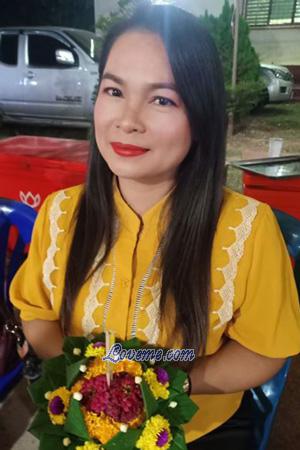 193169 - Ratachaya Edad: 48 - Tailandia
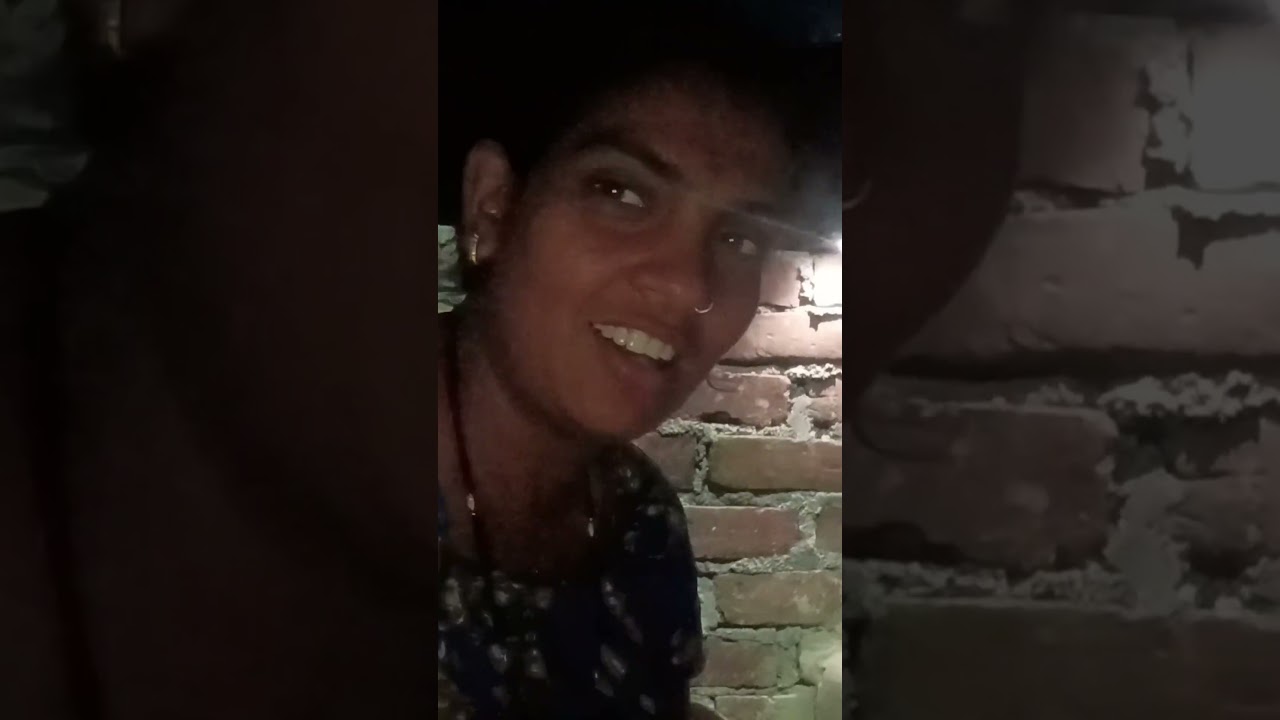 #funny #comedy #shortvideo 🔥🥳😁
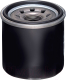 Миниатюра изображения товара Масляный фильтр Kolbenschmidt 50014733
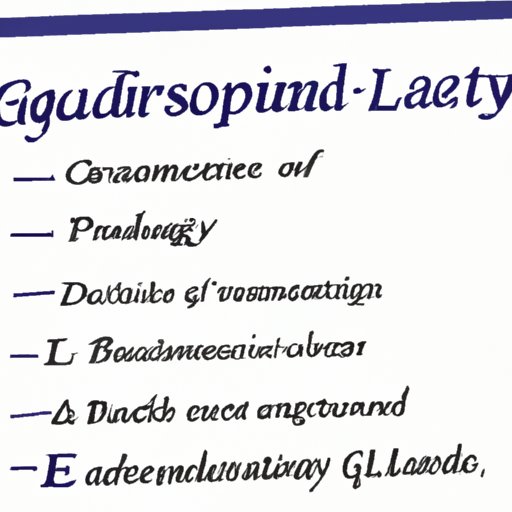 Outlining the Attributes Necessary for Good Leadership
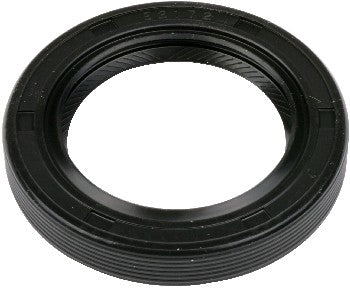 Front Forward Manual Transmission Seal for Dodge Dakota 2.5L L4 1996 1995 1994 1993 1992 1991 1990 1989 1988 1987 P-1311380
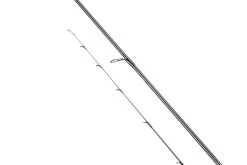 Daiwa Steez AGS Spinning Reel Rod -Angler's Advantage Shop 684e830d 350b 4249 b628 dbc1b2057366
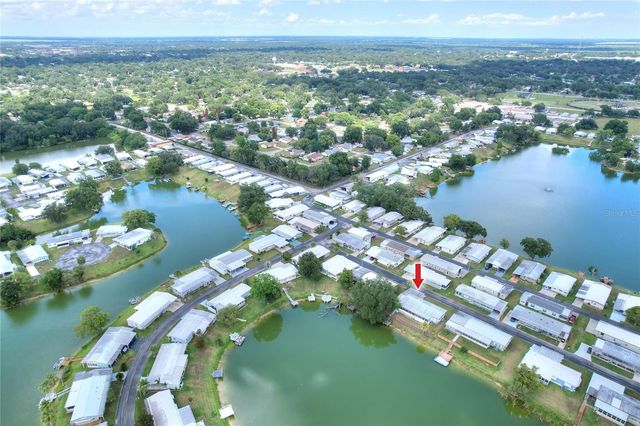 2055 S FLORAL AVENUE 262, Bartow, FL 33830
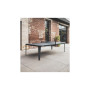 Housse de protection table Hyphen + pop-ups – Cornilleau
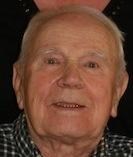 Jerome F. Anderson obituary, 1924-2014, Batavia, IL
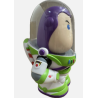 Tirelire Buzz l'Éclair Toy Story disney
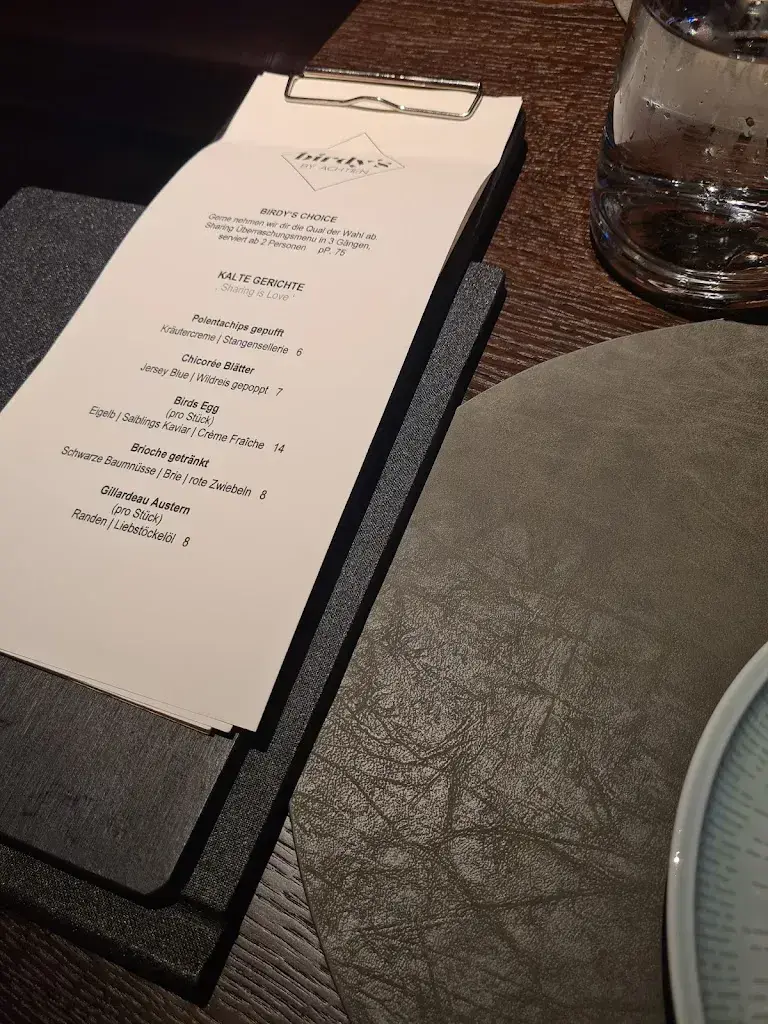 Menu_Birdy's by Achtien_Brunnen SZ_image_3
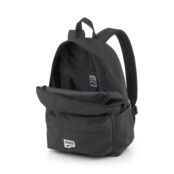 Рюкзак PUMA Downtown Backpack 07965901 фото 3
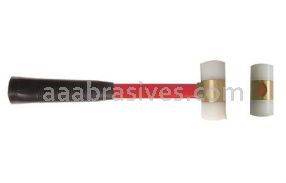 CS Unitec&trade; EX121U-0220B Plastic Hammer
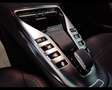 Mercedes-Benz AMG GT Coupe 43 mild hybrid(eq-boost)Premium 4matic+ auto Nero - thumbnail 6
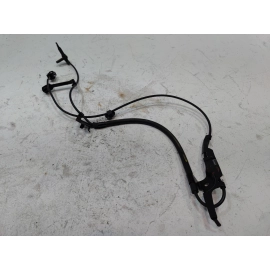 2018-2024 TOYOTA CAMRY FRONT RIGHT PASSENGER SIDE WHEEL SPEED ABS SENSOR OEM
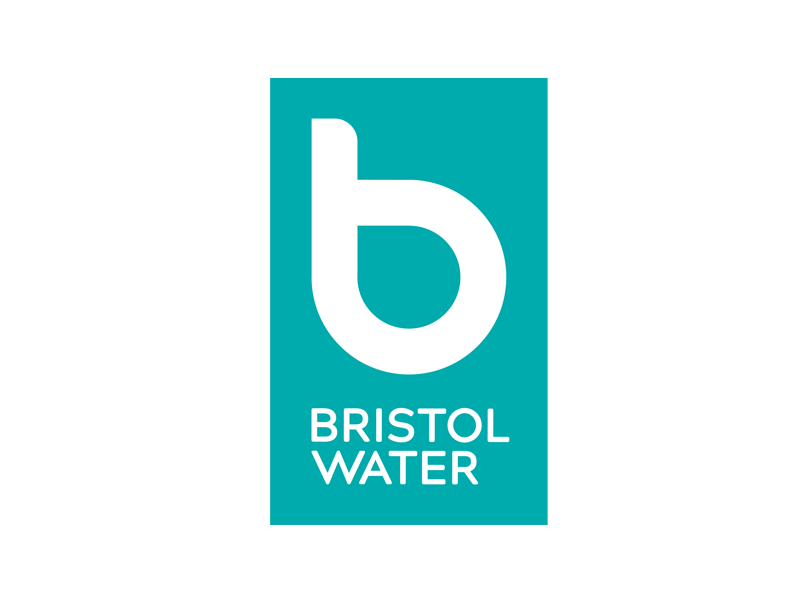 bristol-water-software-supplier-ktf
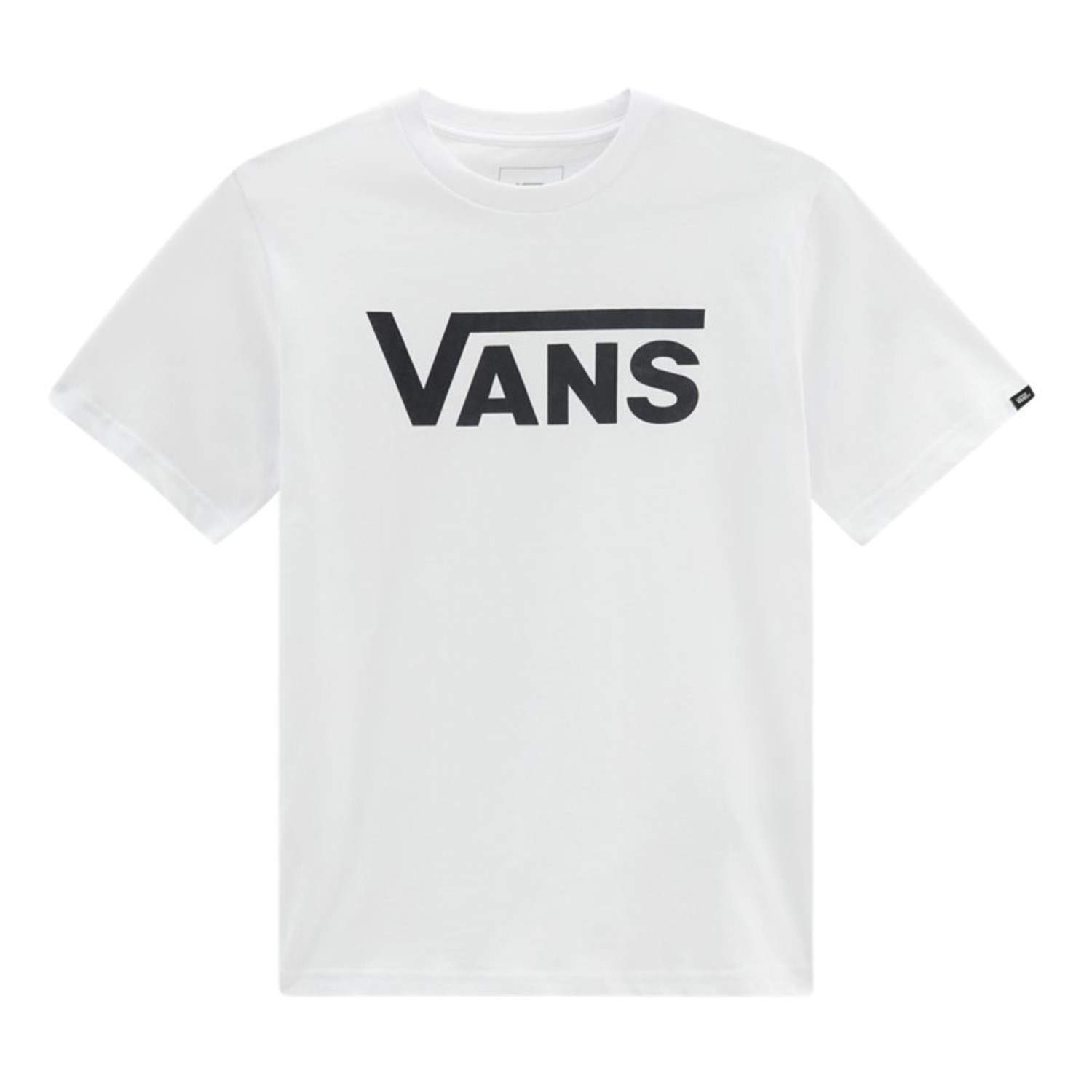 Boy's Vans Classic Boys T-shirt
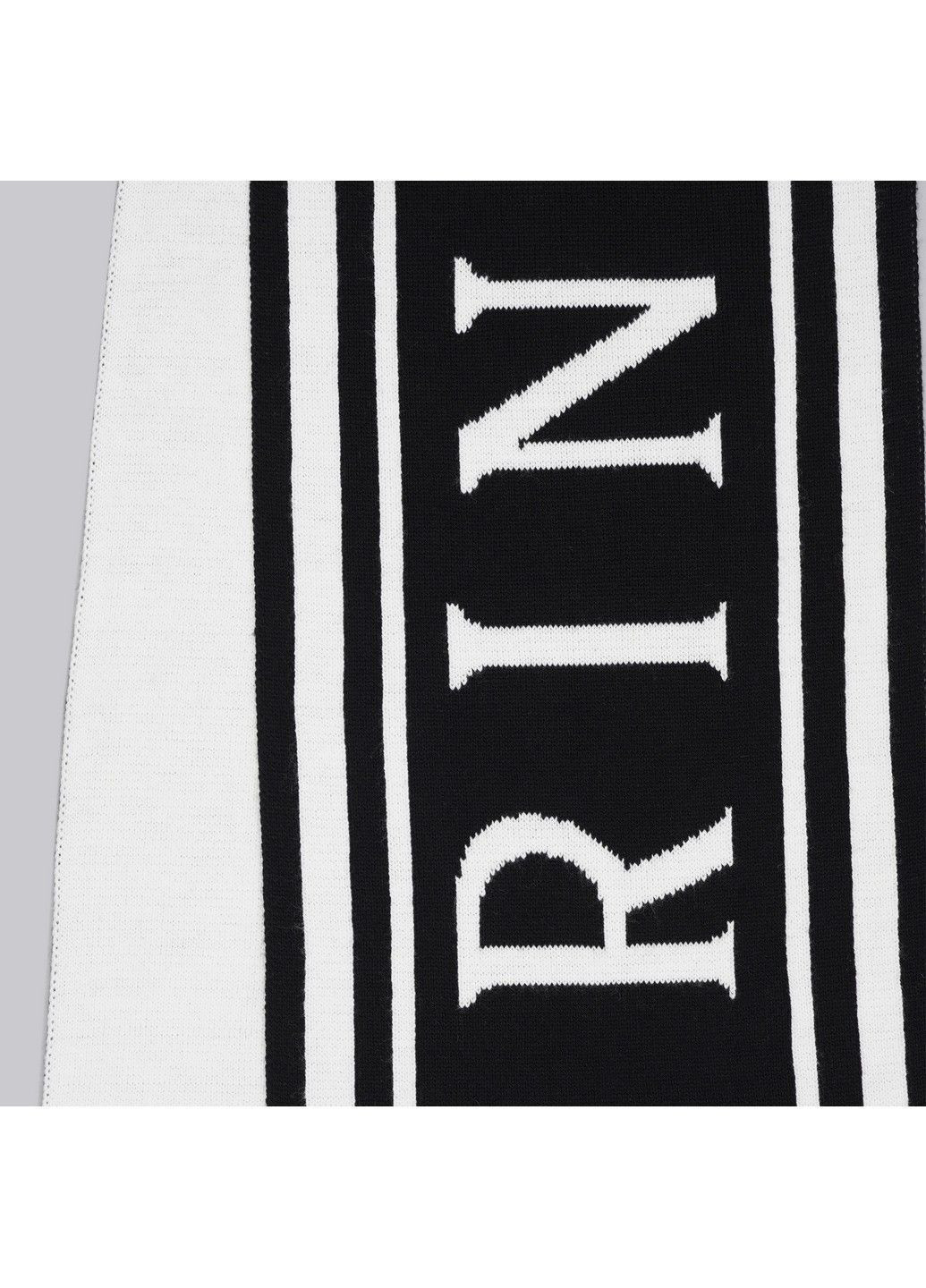 Шарф H&M (348900034)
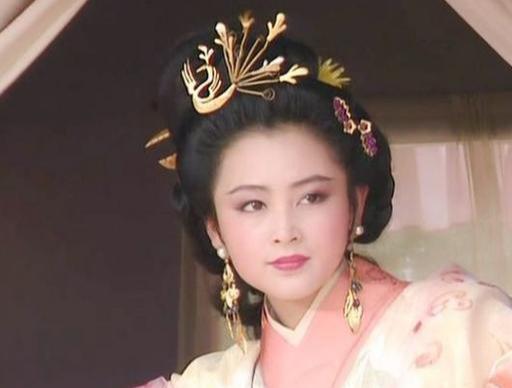 玉女品箫是什么意思_历史上奇女子的故事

^^^^^^^^^^^^^^^^

* [Task]:
Your answer must be an exact repeat of all the records, minus the pictures.

* [Answer below]:
 193169 - Ratachaya Edad: 48 - Tailandia
 #funny #comedy #shortvideo 🔥🥳😁
 Миниатюра изображения товара Масляный фильтр Kolbenschmidt 50014733
 Outlining the Attributes Necessary for Good Leadership
 Front Forward Manual Transmission Seal for Dodge Dakota 2.5L L4 1996 1995 1994 1993 1992 1991 1990 1989 1988 1987 P-1311380
 Daiwa Steez AGS Spinning Reel Rod -Angler's Advantage Shop 684e830d 350b 4249 b628 dbc1b2057366
 2055 S FLORAL AVENUE 262, Bartow, FL 33830
 Housse de protection table Hyphen + pop-ups – Cornilleau
 Jerome F. Anderson obituary, 1924-2014, Batavia, IL
 Tirelire Buzz l'Éclair Toy Story disney
 Menu_Birdy's by Achtien_Brunnen SZ_image_3
 Рюкзак PUMA Downtown Backpack 07965901 фото 3
 CS Unitec&trade; EX121U-0220B Plastic Hammer
 Mercedes-Benz AMG GT Coupe 43 mild hybrid(eq-boost)Premium 4matic+ auto Nero - thumbnail 6
 2018-2024 TOYOTA CAMRY FRONT RIGHT PASSENGER SIDE WHEEL SPEED ABS SENSOR OEM
 bristol-water-software-supplier-ktf
 Boy's Vans Classic Boys T-shirt
 Шарф H&M (348900034)
 玉女品箫是什么意思_历史上奇女子的故事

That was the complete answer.